As a business leader, what is more important to you: your customers or your employees? It’s not a trick question – but it might as well be. While we don’t want to choose, in some ways we do every day. We prioritize the customer experience in every facet of our business, from how we build our products to how we market to end users to how we judge our success as a team and company. But when it comes to investing in the employee experience, we’ve left a lot on the table.
As businesses start to grow, it’s easier and more the norm to focus attention on the measurable things that have a clear and direct impact on near-term growth goals – i.e. sales, customer service metrics, and direct marketing programs. What about the intangibles that also have a direct impact? What about the behaviors being reinforced each day across your teams? The energy of the workplace and how that impacts innovation, customer retention, and other critical factors of the employee experience that can make or break growth in both the short and long term?
The question is how do we start putting as much emphasis on the intangibles and the qualities that make up the employee experience as we do the customer experience? It starts by understanding what the employee experience is and why it matters to your business.
What is the employee experience?
Using employee experience instead of engagement is relatively new, but it’s broader and more in line with what companies need to consider when engaging their workforce. To better understand what core tenets define a positive employee experience, our recent market research study of 750 employees at over 600 companies found four key pillars that lead to strong engagement:
- Connection: Having strong connections to colleagues, managers, the company, and the community.
- Meaning: Knowing my company, and the work I do, has meaning and purpose and being aligned to those, and also being rewarded in a meaningful, personalized way.
- Impact: Engagement is higher when you give rather than receive, and the overall employee experience is significantly bolstered from this. Employees want to have an impact on their colleagues and the community in which they live and work. This is a lot about giving back in meaningful ways, and the company helping employees do so.
- Appreciation: Receiving specific, real-time appreciation for the work I do from the people that matter most.
While these pillars may sound like HR buzzwords, they are in fact proven concepts that will change your organization for the better. After looking at the interactions between employees and employers at companies ranging from Fortune 5 organizations to startups under 20 employees, it’s apparent that no matter the size of the company, people at every organization have an overarching desire to be acknowledged and know they are making a difference.

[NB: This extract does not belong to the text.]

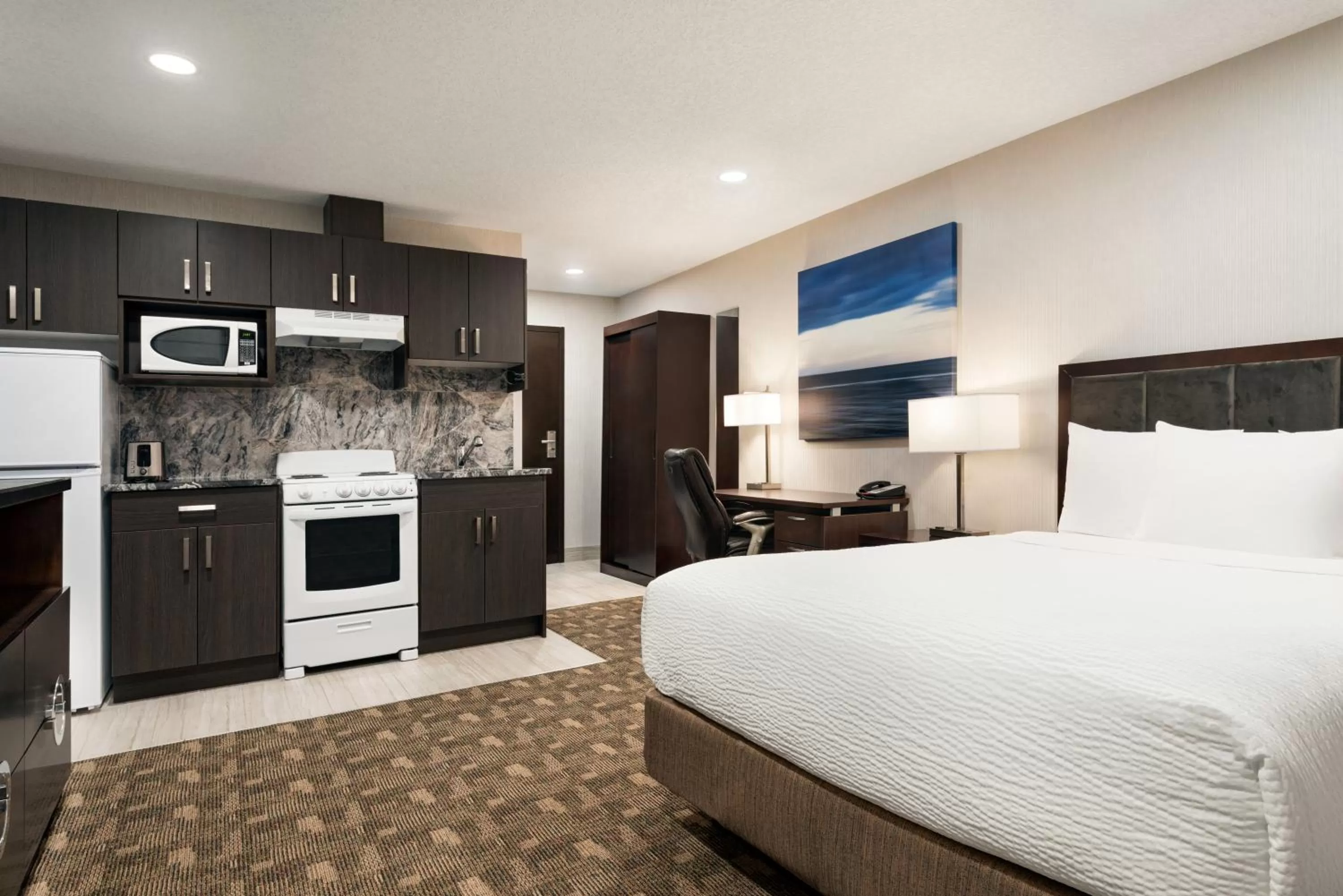 Kitchen or kitchenette, Bed in Days Inn by Wyndham Wainwright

In its essence, the quality of the employee experience depends on how much these pillars are embedded in an employee’s cumulative day-to-day interactions with everything from corporate values, coworkers, and management to customers, shareholders, and work content. In fact, the employee experience drives your business forward in two drastic ways: It has an immediate impact on your bottom line and positively affects the customer experience.
The employee experience directly impacts your bottom line
The employee experience and your company culture likely don’t have their own line items on your P&L, but rather its ROI is in the operational and financial numbers you’re already tracking like turnover, retention, productivity, and recruiting. When looking at turnover, for example, cost estimates range from tens of thousands of dollars to 2x the employee’s annual salary (depending on their level), and with turnover being directly tied to the employee experience, that’s just the tip of the ROI iceberg.

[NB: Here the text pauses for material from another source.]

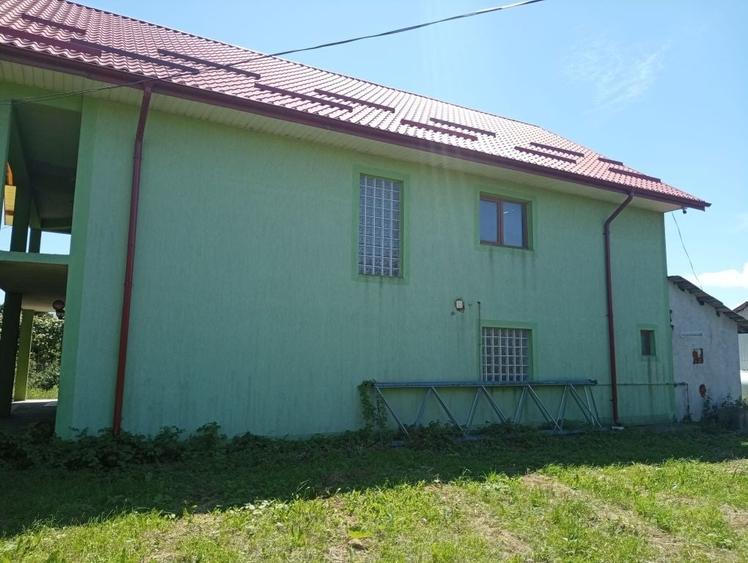 Casă cu 4 camere în Vadu Moldovei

In Jacob Morgan’s Employee Experience Advantage, Morgan notes that companies that invest in the employee experience are four times as profitable as those that don’t and have more than two times the average revenue. In addition, those that invested most heavily in employee experience were included 28 times as often among Fast Company’s Most Innovative Companies, 11.5 times as often in Glassdoor’s Best Places to Work, 2.1 times as often in Forbes’s list of the World’s Most Innovative Companies, 4.4 times as often in LinkedIn’s list of North America’s Most In-Demand Employers, and twice as often in the American Customer Satisfaction Index. Essentially, an engaged, creative and energetic workforce outperforms the competition in performance, customer service, valuation, and revenue.
The employee experience impacts the customer experience
As business leaders, we put a lot of time and energy into the experience our customers have with our brand and it’s for good reason. Harvard Business Review notes that “depending on what industry you’re in, it’s 5 to 25 times as expensive to win a new customer as it is to keep a current customer.” With today’s media-heightened society, one review, encounter, or social media post can make a significant positive or negative impact on your organization.

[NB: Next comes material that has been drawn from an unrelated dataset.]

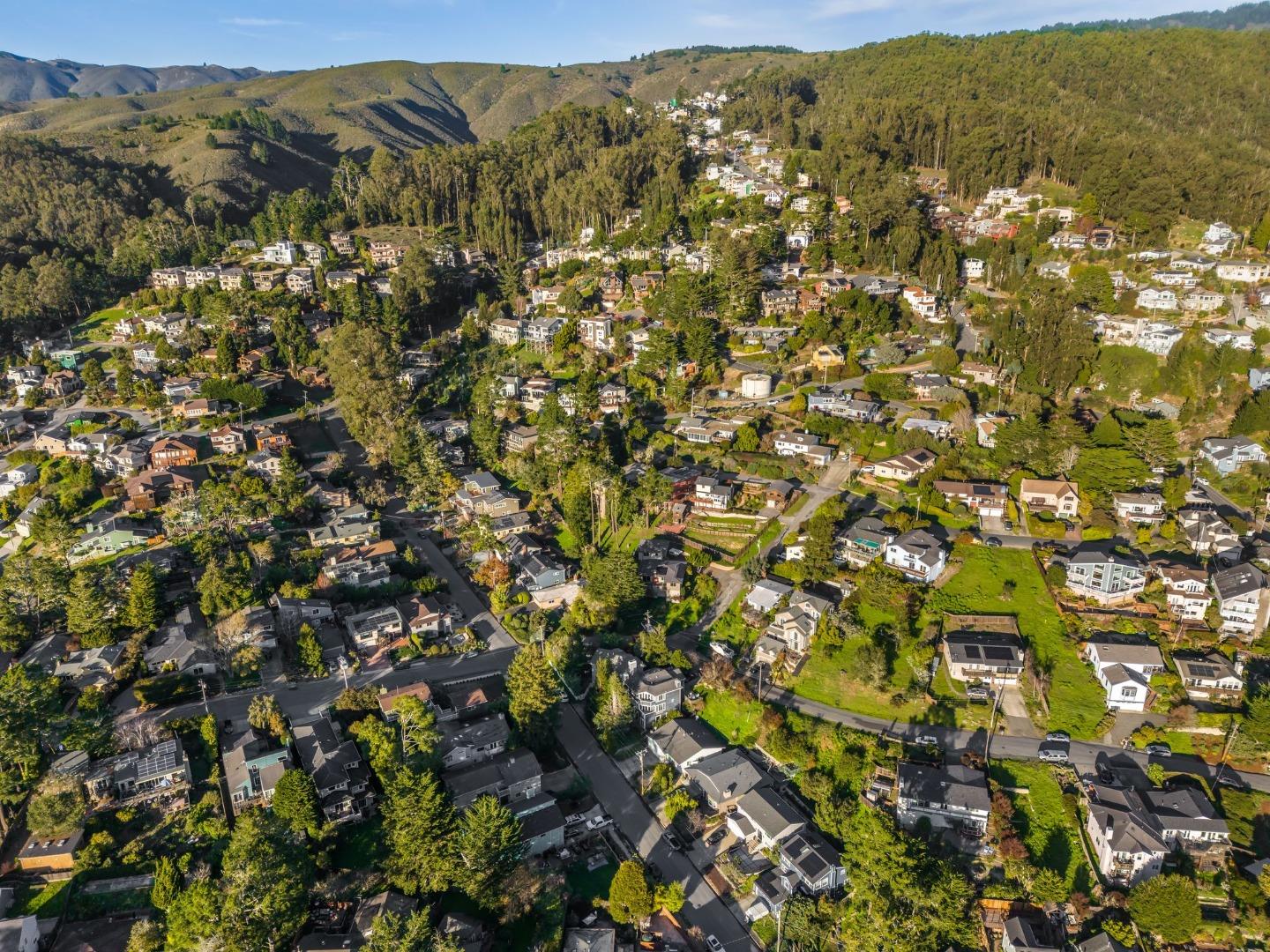 Detail Gallery Image 15 of 15 For 355 Avenue Portola, El Granada,  CA 94019 - 4 Beds | 3 Baths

A positive or negative brand experience comes from the interactions your customers have with your employees. While creating a corporate culture where employees are committed to improving customer satisfaction makes good business sense, the only way to achieve this is to ensure your employees have a positive employee experience.
As companies continue to strive for growth and profitability, prioritizing a better employee experience is the right place to start. Companies that don’t put their employees first will continue to over-invest in quick wins and tactics to woo customers and increase their brand loyalty, when in reality the best way to improve your bottom-line metrics are the brand ambassadors already working at your company. When companies invest in their people and the employee experience, the ROI on critical business metrics is clear.